Der richtige Zeitpunkt, die richtigen Partner
2021, zehn Jahre später und mit dem finanziellen Rückenwind der Stiftung Zukunft Jetzt!, recherchierten wir die Importe von Froschschenkeln erneut. Und diesmal arbeiteten wir von Anfang an eng mit der Organisation Robin des Bois zusammen, um einen Partner aus dem Hauptabsatzmarkt Frankreich mit an Bord zu haben.
2022 veröffentlichten wir gemeinsam den Report „Deadly Dish“ („Tödliche Mahlzeit“), der zeigte, dass die EU noch immer mehr als 4.000 Tonnen Froschschenkel jährlich importiert und die Bestände wilder Frösche in Indonesien, der Türkei und inzwischen auch Albanien durch diesen Raubbau zurückgehen. Zudem veröffentlichten wir 2023 unsere Ergebnisse in zwei wissenschaftlichen Fachmagazinen, schrieben mehr als 200 Restaurants in Deutschland an, spannten Starköche ein und klärten in der Vorweihnachtszeit über Social-Media-Posts gezielt in Frankreich auf – denn Froschschenkel sind dort traditionell Teil des Weihnachtsmenüs.

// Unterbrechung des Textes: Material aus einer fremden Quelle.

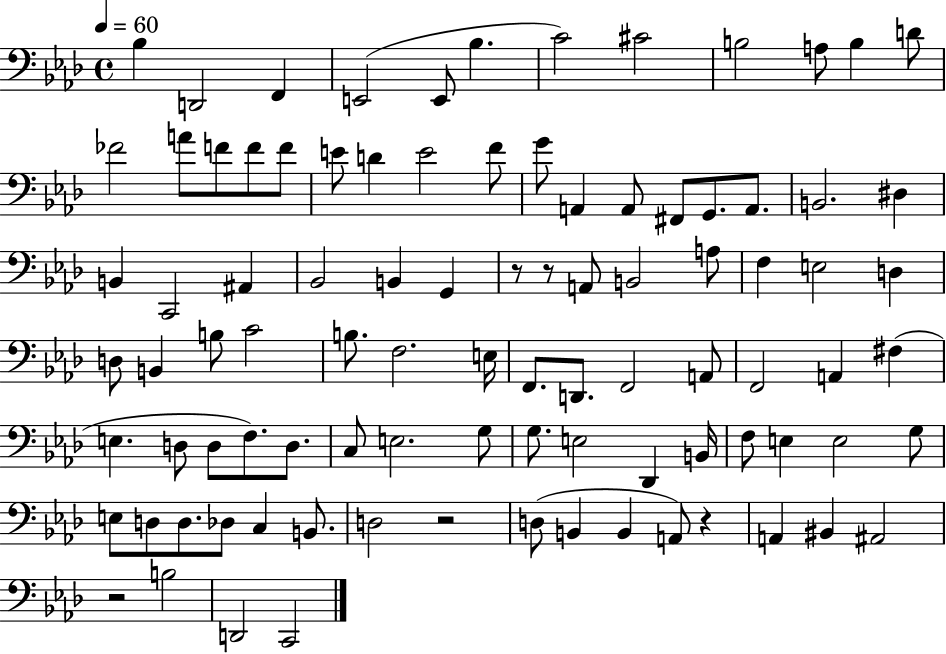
Bb3/q D2/h F2/q E2/h E2/e Bb3/q. C4/h C#4/h B3/h A3/e B3/q D4/e FES4/h A4/e F4/e F4/e F4/e E4/e D4/q E4/h F4/e G4/e A2/q A2/e F#2/e G2/e. A2/e. B2/h. D#3/q B2/q C2/h A#2/q Bb2/h B2/q G2/q R/e R/e A2/e B2/h A3/e F3/q E3/h D3/q D3/e B2/q B3/e C4/h B3/e. F3/h. E3/s F2/e. D2/e. F2/h A2/e F2/h A2/q F#3/q E3/q. D3/e D3/e F3/e. D3/e. C3/e E3/h. G3/e G3/e. E3/h Db2/q B2/s F3/e E3/q E3/h G3/e E3/e D3/e D3/e. Db3/e C3/q B2/e. D3/h R/h D3/e B2/q B2/q A2/e R/q A2/q BIS2/q A#2/h R/h B3/h D2/h C2/h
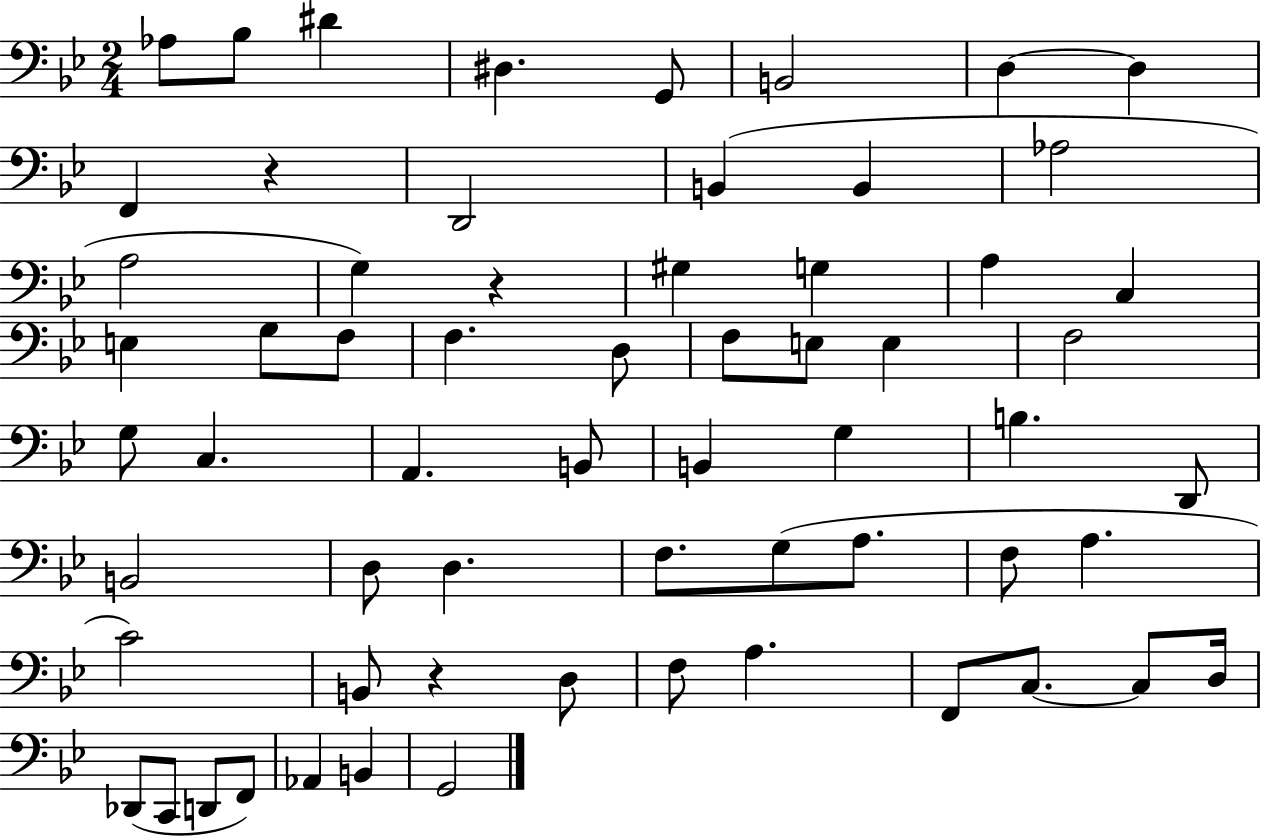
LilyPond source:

{
  \clef bass
  \numericTimeSignature
  \time 2/4
  \key bes \major
  \repeat volta 2 { aes8 bes8 dis'4 | dis4. g,8 | b,2 | d4~~ d4 | \break f,4 r4 | d,2 | b,4( b,4 | aes2 | \break a2 | g4) r4 | gis4 g4 | a4 c4 | \break e4 g8 f8 | f4. d8 | f8 e8 e4 | f2 | \break g8 c4. | a,4. b,8 | b,4 g4 | b4. d,8 | \break b,2 | d8 d4. | f8. g8( a8. | f8 a4. | \break c'2) | b,8 r4 d8 | f8 a4. | f,8 c8.~~ c8 d16 | \break des,8( c,8 d,8 f,8) | aes,4 b,4 | g,2 | } \bar "|."
}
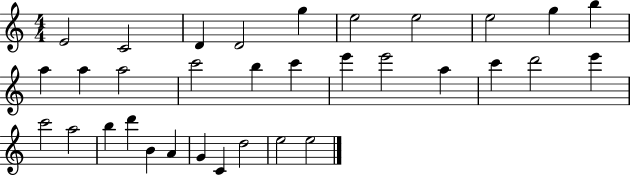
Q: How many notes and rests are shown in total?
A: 33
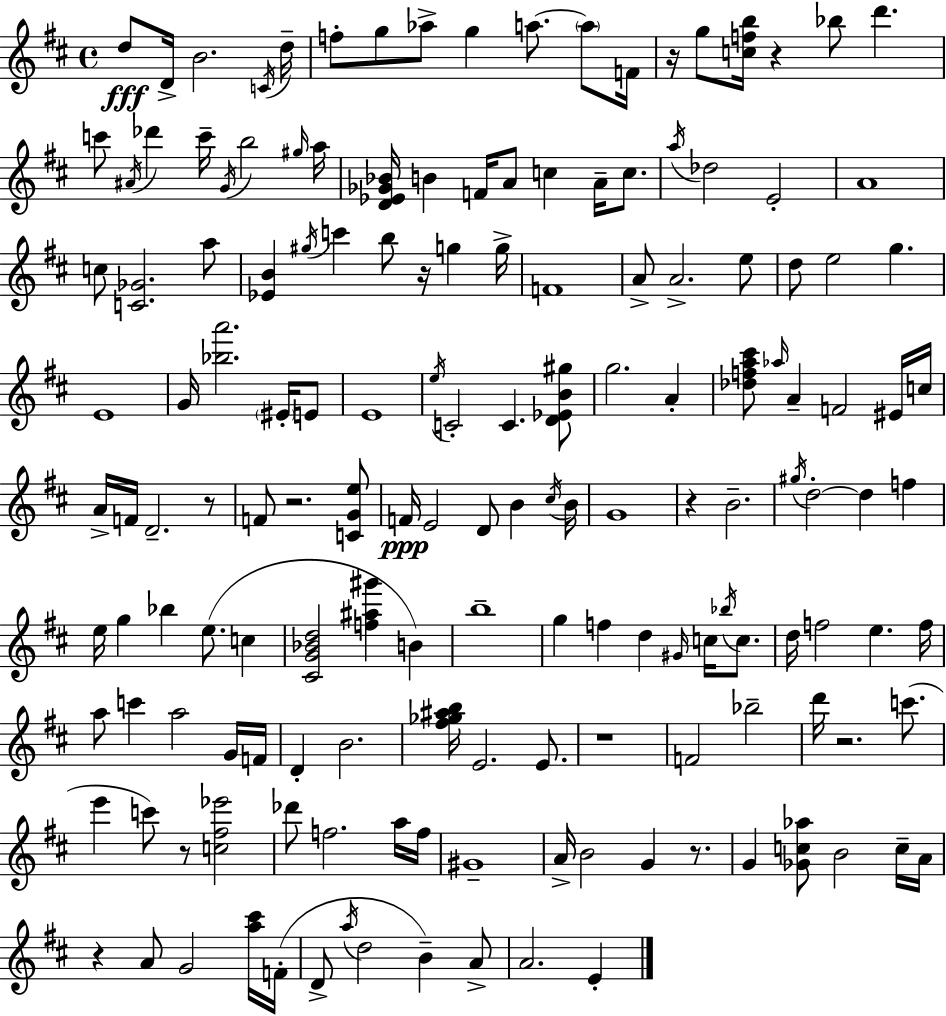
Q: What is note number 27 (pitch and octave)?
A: C5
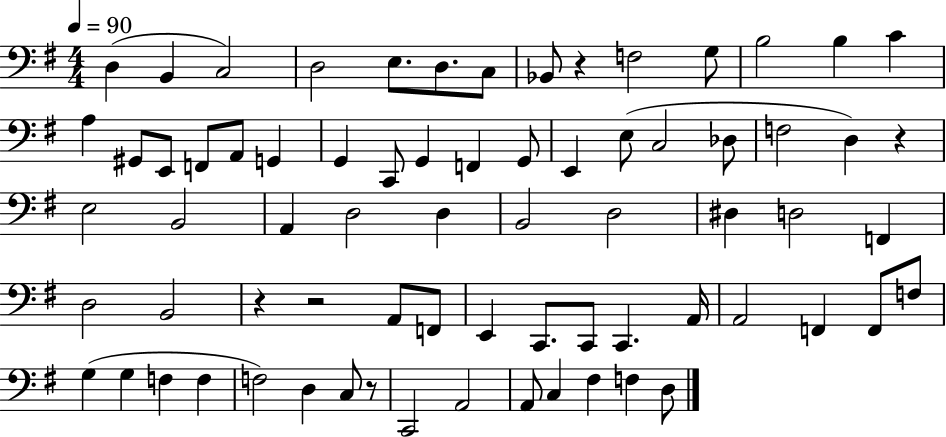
{
  \clef bass
  \numericTimeSignature
  \time 4/4
  \key g \major
  \tempo 4 = 90
  \repeat volta 2 { d4( b,4 c2) | d2 e8. d8. c8 | bes,8 r4 f2 g8 | b2 b4 c'4 | \break a4 gis,8 e,8 f,8 a,8 g,4 | g,4 c,8 g,4 f,4 g,8 | e,4 e8( c2 des8 | f2 d4) r4 | \break e2 b,2 | a,4 d2 d4 | b,2 d2 | dis4 d2 f,4 | \break d2 b,2 | r4 r2 a,8 f,8 | e,4 c,8. c,8 c,4. a,16 | a,2 f,4 f,8 f8 | \break g4( g4 f4 f4 | f2) d4 c8 r8 | c,2 a,2 | a,8 c4 fis4 f4 d8 | \break } \bar "|."
}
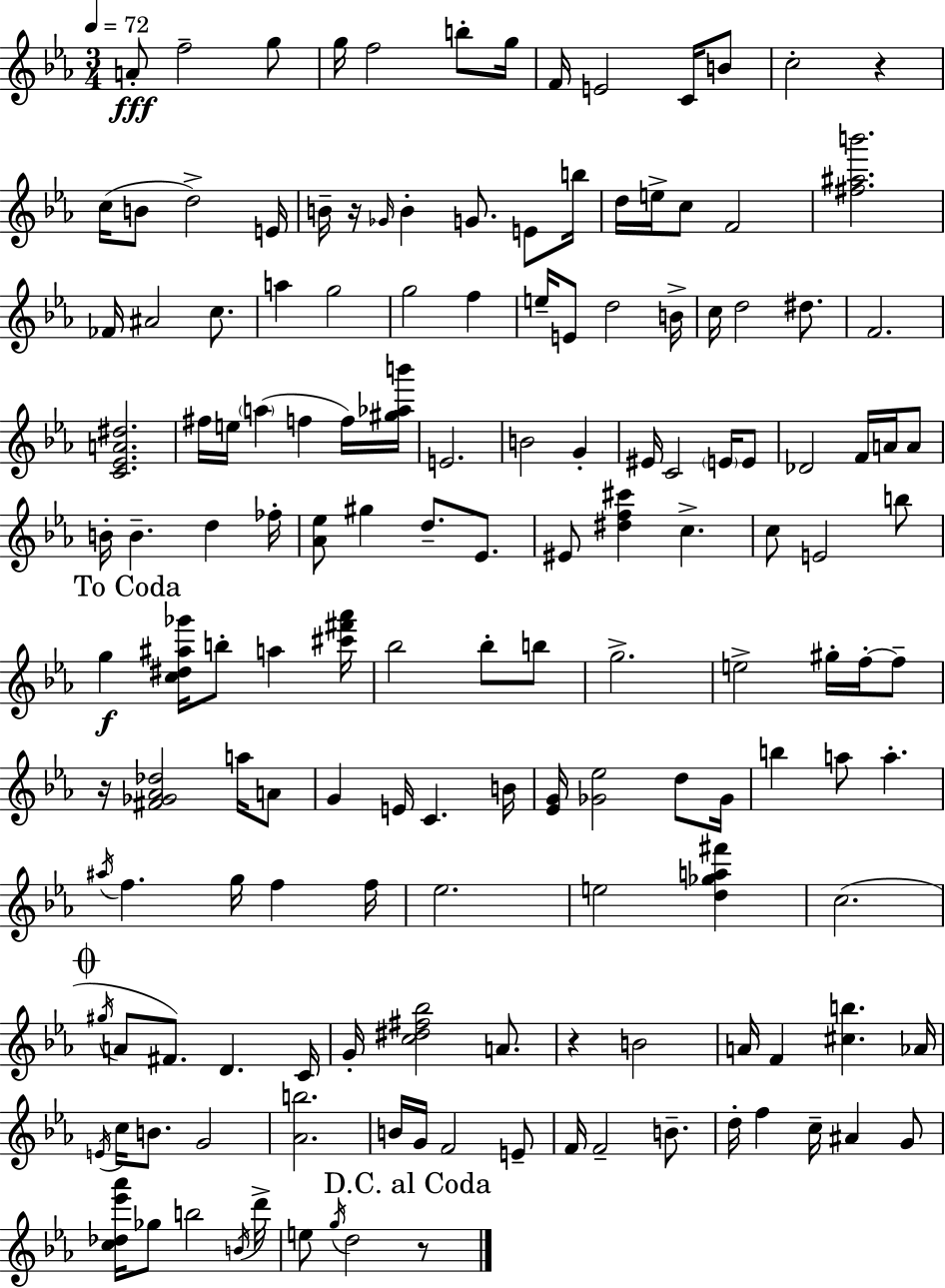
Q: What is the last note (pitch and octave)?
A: D5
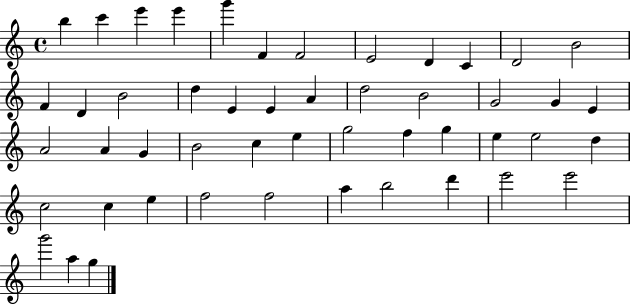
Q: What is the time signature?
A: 4/4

Diesmal verfehlte unsere Kampagne ihre Wirkung nicht: Seit der Veröffentlichung von „Deadly Dish“ gab es etwa 200 Presseartikel, die meisten in Frankreich, aber auch in Deutschland, in ganz Europa, bis nach Asien und Nordamerika. Die Froschschenkel schafften es sogar auf die Titelseite der französischen Tageszeitung Le Parisien!
Auf der politischen Agenda
Auch politisch ist seither Bewegung in die Sache gekommen: Wir präsentierten unsere Ergebnisse auf der CITES-Weltartenschutzkonferenz Ende 2022 und zeigten dort Delegierten aus der EU, der Türkei, Indonesien und anderen Ländern die Dringlichkeit für internationale Handelsbeschränkungen auf. Mehrere Abgeordnete des EU-Parlaments stellten offizielle Anfragen an die EU-Kommission, die daraufhin zusagte, konkrete Maßnahmen zu prüfen. Im Herbst 2023 stellten wir unsere Daten bei einem CITES-Workshop zum Amphibienschutz vor; dieser bestätigte Froschschenkelhandel als eine wesentliche Bedrohung für diverse Froscharten.
Im Januar 2024 appellierten wir mit mehr als 40 Organisationen an alle EU-Umweltministerien, sich für eine Unterschutzstellung der Frösche bei CITES einzusetzen. Und im März 2024 forderten mehr als 550 Fachleute aus Wissenschaft und Tiermedizin Frankreichs Präsidenten Emanuel Macron auf, dem Raubbau an Fröschen für eine französische Delikatesse endlich ein Ende zu setzen. Allein dieser Brief verhalf dem Thema zu einer ganzen Seite in der Washington Post und der TV-Sender CNN forderte beim französischen Präsidenten eine Stellungnahme an.
Die nächste CITES-Weltartenschutzkonferenz soll Ende 2025 stattfinden – und bereits jetzt arbeiten wir mit Hochdruck daran, Herkunfts- und Importländer für eine Schutzinitiative zu gewinnen, damit der Raubbau an Fröschen in Asien und Südeuropa endlich gestoppt wird!